Frances E. Dolan’s (University of California at Davis) keynote address synthesized Early Modern ways of imagining and promoting soil health through four figurations: the mouth (the hungry earth), the dunghill, the plough, and the community. Dolan ideally concluded the soil conversations by touching on some of the main arguments discussed: artistic rendering, reception of classical knowledge, primordial fertilities, types of soil amendments, non-human actors, indigenous encounters, and soil gendering and anthropomorphizing. Moreover, Dolan highlighted the way in which Early Modern attitudes enlighten current understandings and reactions to the soil crisis, as well as how the latter can inform our investigation of the past.

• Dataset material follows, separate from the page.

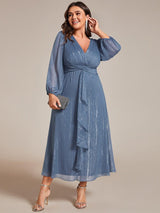 ever EMBER|See-Through Long Sleeve Twist Knot A-Line Lotus Leaf Shimmering Evening Dress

Soil: A Window unto the Early Modern Period

The conference showed how fertile the topic of Early Modern soil is in drawing together different spaces and contexts, sources, actors, approaches, and domains of knowledge. The latter include the histories of science and technology, national and indigenous histories, environmental history, and their ramifications on art history, history of ideas, history of poetry, and literature. “Fertile Furrows” showed soil as a growing field of study with new, exciting cross-disciplinary methodologies.

Soil allowed for wider reflections on the Early Modern period in its engagement with its past, with imagery and imaginary, with build environments, arts, and nature—in its various forms—with non-human actors, and other-than-human forces. My hope is that the “Fertile Furrows” conference will open new and exciting avenues of research and raise awareness about the importance and fragility of the ground beneath our feet.

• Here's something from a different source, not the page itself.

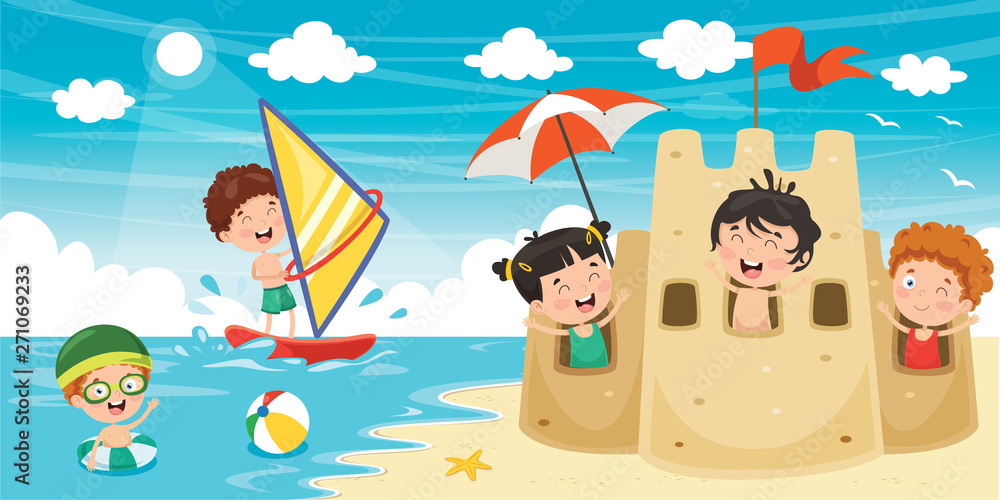 Vector Illustration Of Summer Children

> Find out more about the Warburg's fellowships

 

Anca-Delia Moldovan was a Frances Yates Fellow at the Warburg Institute between October 2022 and June 2023. Her work investigates calendrical and agricultural representations (especially the olive tree) at the intersection of art, science, intellectual, and material cultures.

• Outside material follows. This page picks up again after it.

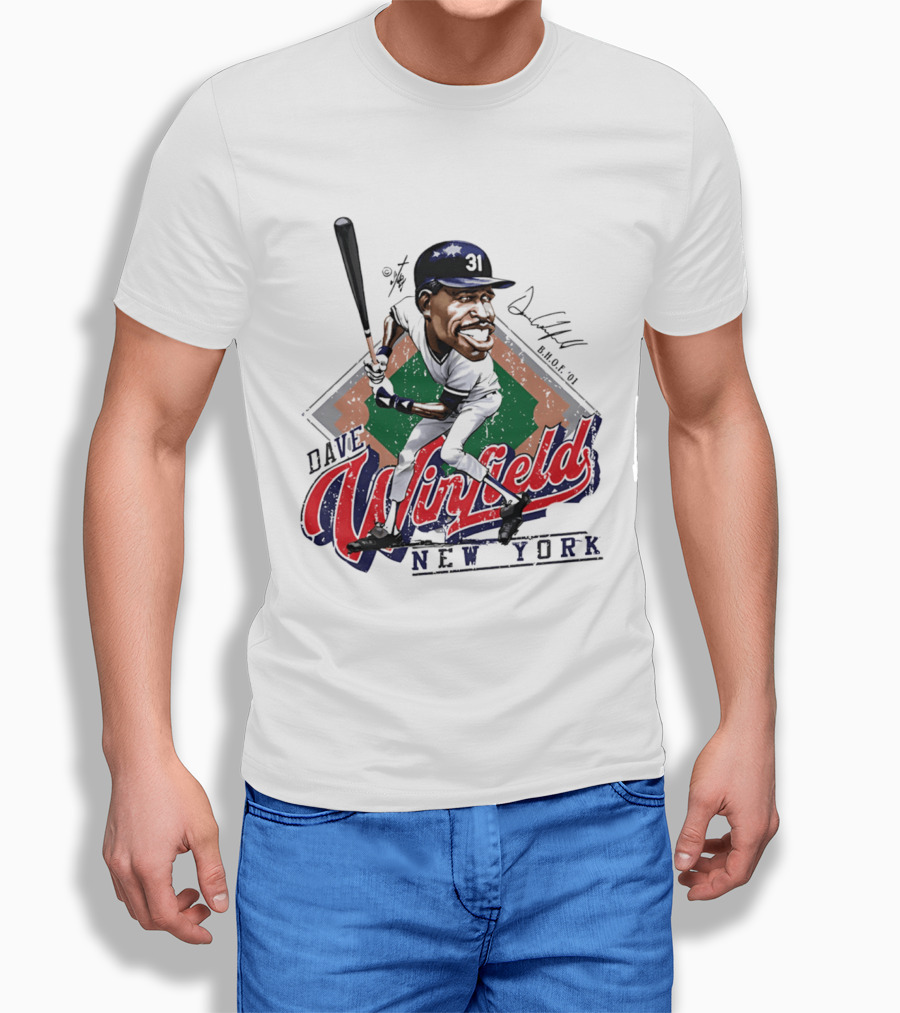 Dave Winfield New York Yankees Bruce Stark Collection Caricature MLB H.O.F. 2001 T-Shirt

Delia gained her PhD in History of Art from the University of Warwick in 2020, and previously studied at the Universities of Florence (MA, History of Art) and Bucharest (BA, History). She received fellowships from the Newberry Library in Chicago; Herzog August Bibliothek in Wolfenbüttel; the Warwick Institute of Advanced Studies; and NIKI in Florence. She is currently an I Tatti Fellow, The Harvard University Center for Italian Renaissance Studies in Florence (2023/2024). Delia authored articles in the Rivista di Storia della Miniatura (2018); Renaissance and Reformation (2021), and Renaissance Quarterly (2024). Her forthcoming book Illustrating the Year: The Calendar in Northern Italy during the Late Fifteenth and Sixteenth Centuries was awarded a Weiss-Brown Publication Subvention Award.